# Multiplix: using D for kernel development

Zachary Yedidia

Stanford University

### Why build a kernel?

It is fun and educational to build a kernel.

I am a researcher, and want to experiment with new ideas and architectures for operating system design. Having a small kernel to experiment with is helpful.

Cheap single-board computers (SBCs) are widely available and fun to play with!





#### Multiplix: how to write a small kernel in D

Multiplix is a small Unix-like kernel I have been developing over the last 10 months.

- Around 6,500 lines of D.
- Supports multiple architectures (ARMv8, RISC-V) and boards (Raspberry Pi, VisionFive).
- It will serve as the foundation for future projects I am interested in.

#### Multiplix: how to write a small kernel in D

Multiplix is a small Unix-like kernel I have been developing over the last 10 months.

- Around 6,500 lines of D.
- Supports multiple architectures (ARMv8, RISC-V) and boards (Raspberry Pi, VisionFive).
- It will serve as the foundation for future projects I am interested in.

In this talk:

- Part 1: Why I chose D and how to get started with it for bare-metal programming.
- Part 2: My experiences working on Multiplix.
- **Part 3**: Future directions and what I intend to build on top of Multiplix next.

## Why D for bare-metal programming?

A crowded market of systems languages: D, C, C++, Rust, Zig, Hare, and more...

**Familiar**: converting and interfacing with existing C code is easy.

**Ergonomic**: particularly compared to Rust for common structures like doubly linked lists and for unsafe components.

**Some safety**: some safety features such as bounds-checked slices and stronger type safety compared to C.

**Mature**: multiple compiler implementations and a stable core set of features.

Easy to get started with, and fun to use!



## Tutorial: writing a bare-metal Raspberry Pi program in D

Software: QEMU, and a bare-metal toolchain with LDC or GDC.







Hardware: all you need is a Raspberry Pi, micro SD card, and a serial connector.

See https://zyedidia.github.io/blog/posts/1-d-baremetal/ for a writeup (targeting QEMU RISC-V).

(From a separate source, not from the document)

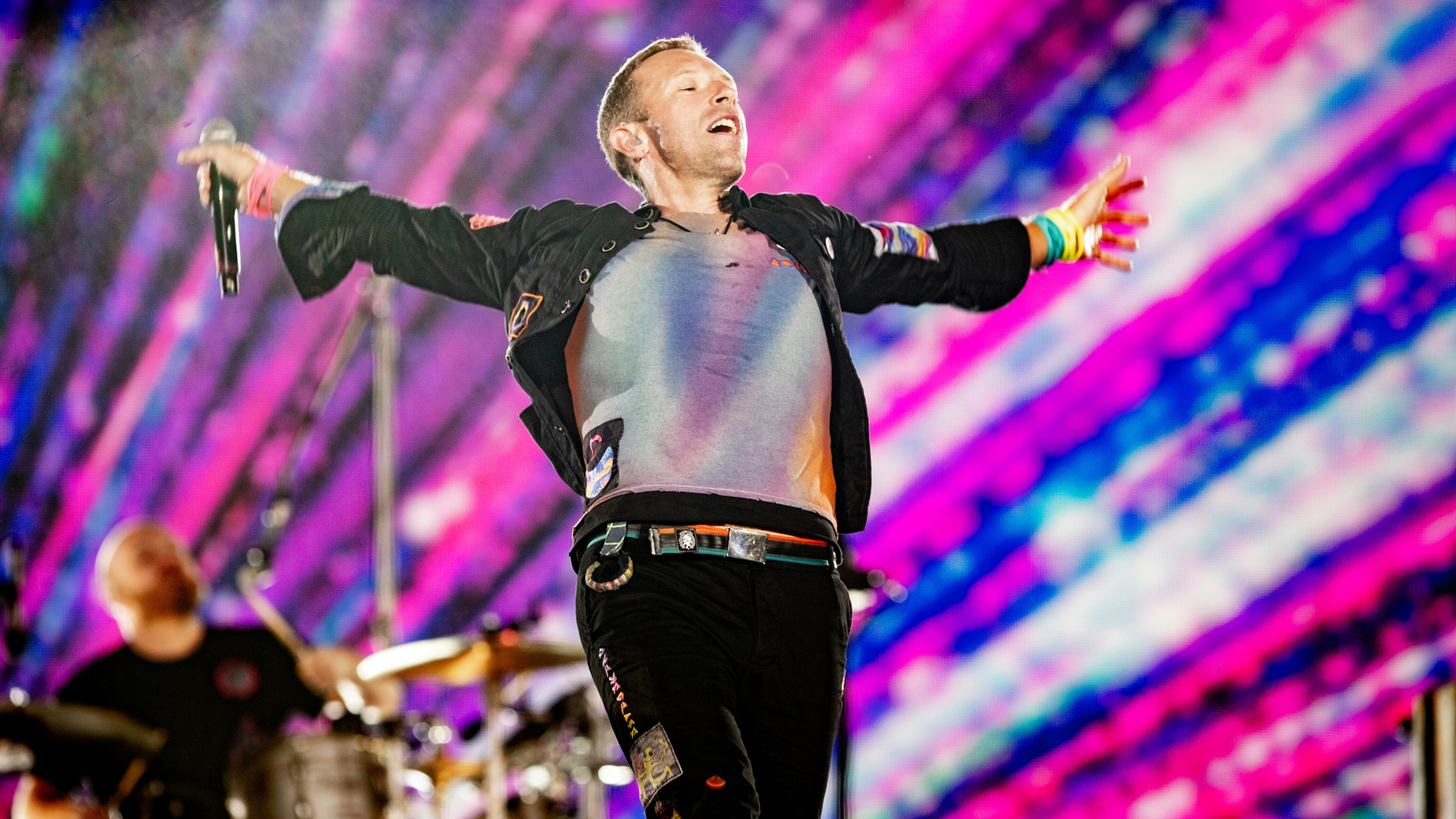 The Edit Real Estate Miami guide showcasing concert magic with performer on stage under colorful pink and blue lighting effects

I have pre-built toolchains available at https://github.com/zyedidia/build-gdc

## What is bare-metal programming?

Normally your program runs in a "hosted" environment. OS provides:

- Display capabilities.
- Ability to send and receive data over ports.
- A file system.
- Multiple processes.

When running bare-metal, hardware is the only environment:

- The hardware will begin executing your program at a pre-defined address.
- Hardware devices (display, output ports, disk) can be controlled by reading/writing a special region of memory.

#### Raspberry Pi setup

- 1. GPU loads the firmware binary from the SD card and places it at 0x0.
- 2. GPU loads the kernel binary from the SD card and places it at 0x80000.
- 3. CPU begins execution at 0x0.
- 4. Firmware sets up various control registers, and then jumps to 0x80000.
- 5. Our code begins running!



#### Quick overview of ARMv8

The CPU ultimately runs machine code (e.g., ARM):



- 31 general-purpose registers (x0-x30).
- Stack pointer (sp) and zero register (xzr).
- Load-store architecture: ldr xN, [xM], and str xN, [xM].
- Four exception levels: EL0 (user), EL1 (kernel), EL2 (hypervisor), EL3 (firmware).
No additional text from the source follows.